The backend runs on a Virtual Private Cloud (VPC) with limited resources: 1 GB RAM, 35 GB storage, and 1 CPU. These constraints forced me to make tough decisions, such as limiting video uploads to 500 MB and 720p resolution. Here’s how I tackled specific deployment issues:

  1. High Memory Usage:

    • Initially, the application used 100% of the CPU, causing processes to shut down with a 139 error code. By analyzing container logs, I realized the need to restrict resource usage.

    • I limited Docker containers to use 70% CPU and 50% RAM, and added 1 GB swap memory. This ensured the server remained stable during intensive processing.

  2. Python Version Conflicts:

    • Differences in Python versions between my local environment and the server led to compatibility issues. Using Docker, I containerized the application, ensuring consistency across environments.
  3. NGINX Configuration Tweaks:

    • NGINX initially blocked large video uploads, so I increased the maximum upload size to 500 MB.

    • Since video processing takes significant time, NGINX’s default timeout was triggering premature responses. I modified the timeout settings to accommodate longer processing durations.

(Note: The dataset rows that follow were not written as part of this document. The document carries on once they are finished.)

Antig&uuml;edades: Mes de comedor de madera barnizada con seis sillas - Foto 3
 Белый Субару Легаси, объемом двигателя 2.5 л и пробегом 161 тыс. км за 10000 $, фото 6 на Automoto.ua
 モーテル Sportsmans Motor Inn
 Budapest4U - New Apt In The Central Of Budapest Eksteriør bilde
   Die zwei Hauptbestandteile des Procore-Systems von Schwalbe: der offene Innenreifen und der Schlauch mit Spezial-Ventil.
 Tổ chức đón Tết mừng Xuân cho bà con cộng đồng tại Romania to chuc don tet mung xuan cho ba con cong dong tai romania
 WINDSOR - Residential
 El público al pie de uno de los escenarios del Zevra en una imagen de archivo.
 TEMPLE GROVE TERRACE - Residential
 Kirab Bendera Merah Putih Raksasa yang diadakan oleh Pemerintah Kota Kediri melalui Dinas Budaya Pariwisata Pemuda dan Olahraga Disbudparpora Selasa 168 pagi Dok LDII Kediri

  4. Resource-Heavy FFmpeg Tasks:

    • Processing high-resolution videos consumed excessive resources. To manage costs, I restricted uploads to 720p resolution and 500 MB size.

The Deployment Stack

Frontend

The frontend is built with Next.js and deployed on Vercel. Its clean and intuitive interface ensures a seamless user experience.

Backend

The backend is containerized with Docker and deployed on DigitalOcean. This setup provides the flexibility and control needed to manage server-side operations effectively.


Lessons Learned

  1. Practical Experience Beats Theory:

    • Challenges like CPU throttling, memory management, and NGINX configurations were concepts I had only vaguely encountered before. Solving these problems hands-on taught me more than any book could.
  2. The Importance of Logging:

    • Analyzing Docker container logs was instrumental in diagnosing and fixing resource-related issues.
  3. The Power of Optimization:

    • Simple adjustments, like limiting resolution and adding swap memory, made a significant difference in server performance.
  4. Adaptability:

    • Switching from Whisper to VOSK saved the project from stalling. Staying flexible and exploring alternatives is crucial in development.

Conclusion

Building this SaaS application was a journey filled with hurdles and triumphs. It not only enhanced my technical expertise but also strengthened my problem-solving skills. Each challenge, from FFmpeg optimization to deployment struggles, taught me lessons that I’ll carry forward in my career.

If you’re embarking on a similar project, my advice is simple: embrace the failures. They’re not setbacks but stepping stones to success. And remember, the best learning happens outside the classroom—when you’re debugging, experimenting, and pushing your limits.

Feel free to check out the repository of VideoPod. I hope this journey inspires you to take on your own ambitious projects!